WORK ITEM: Restate the data below word for word. Leave the images out.

RAW DATA:
* * * * *

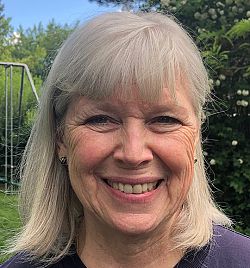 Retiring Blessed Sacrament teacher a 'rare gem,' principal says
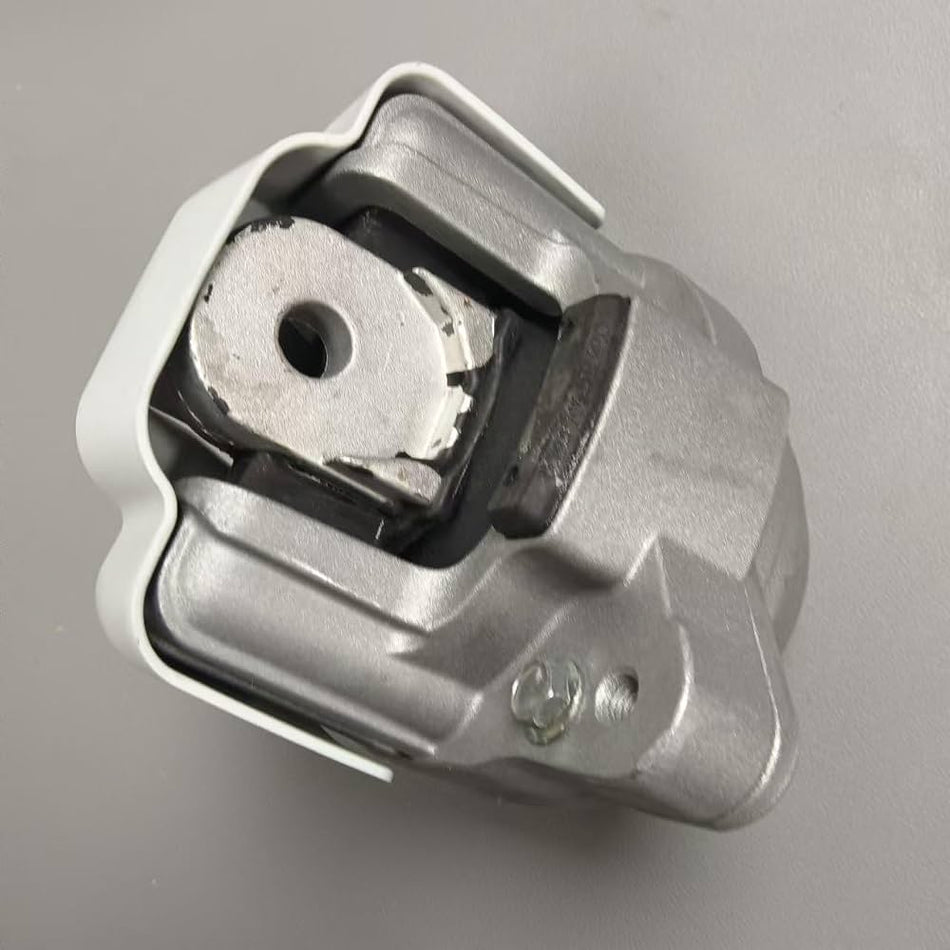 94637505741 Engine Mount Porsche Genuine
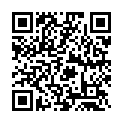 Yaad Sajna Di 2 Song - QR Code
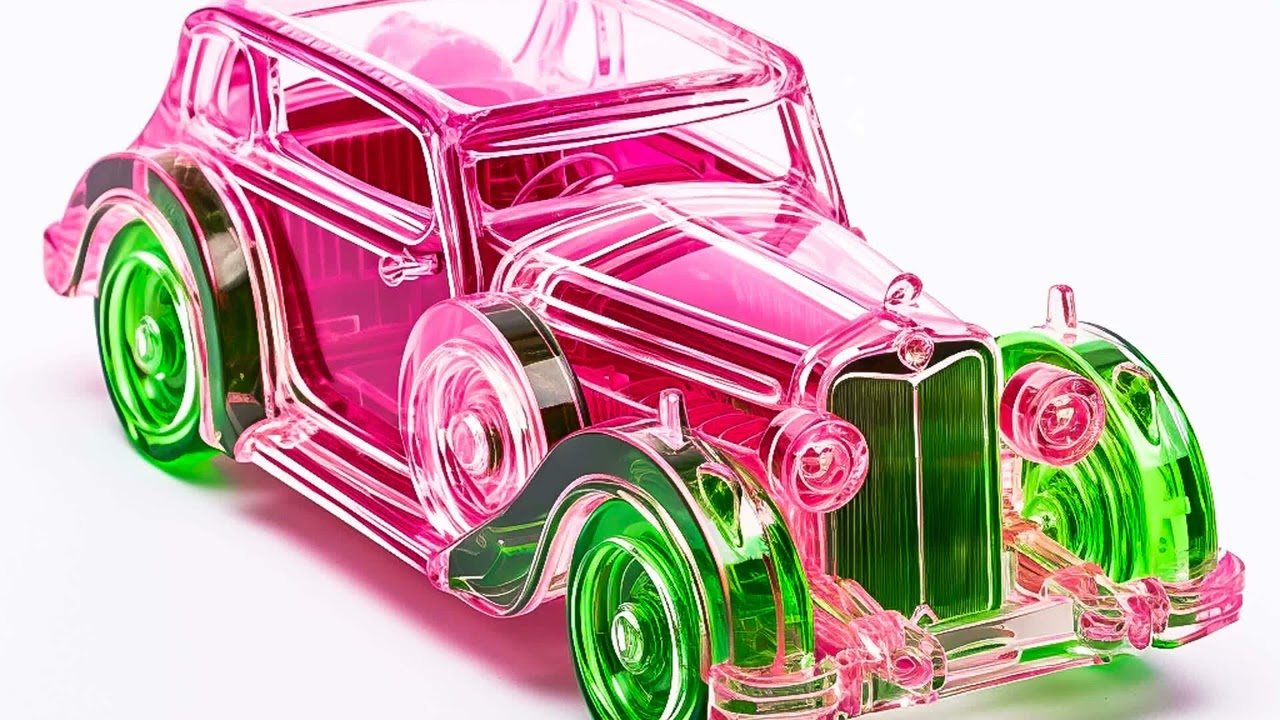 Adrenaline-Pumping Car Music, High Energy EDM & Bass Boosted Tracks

* * * * *

ANSWER BELOW:
 Retiring Blessed Sacrament teacher a 'rare gem,' principal says
 94637505741 Engine Mount Porsche Genuine
 Yaad Sajna Di 2 Song - QR Code
 Adrenaline-Pumping Car Music, High Energy EDM & Bass Boosted Tracks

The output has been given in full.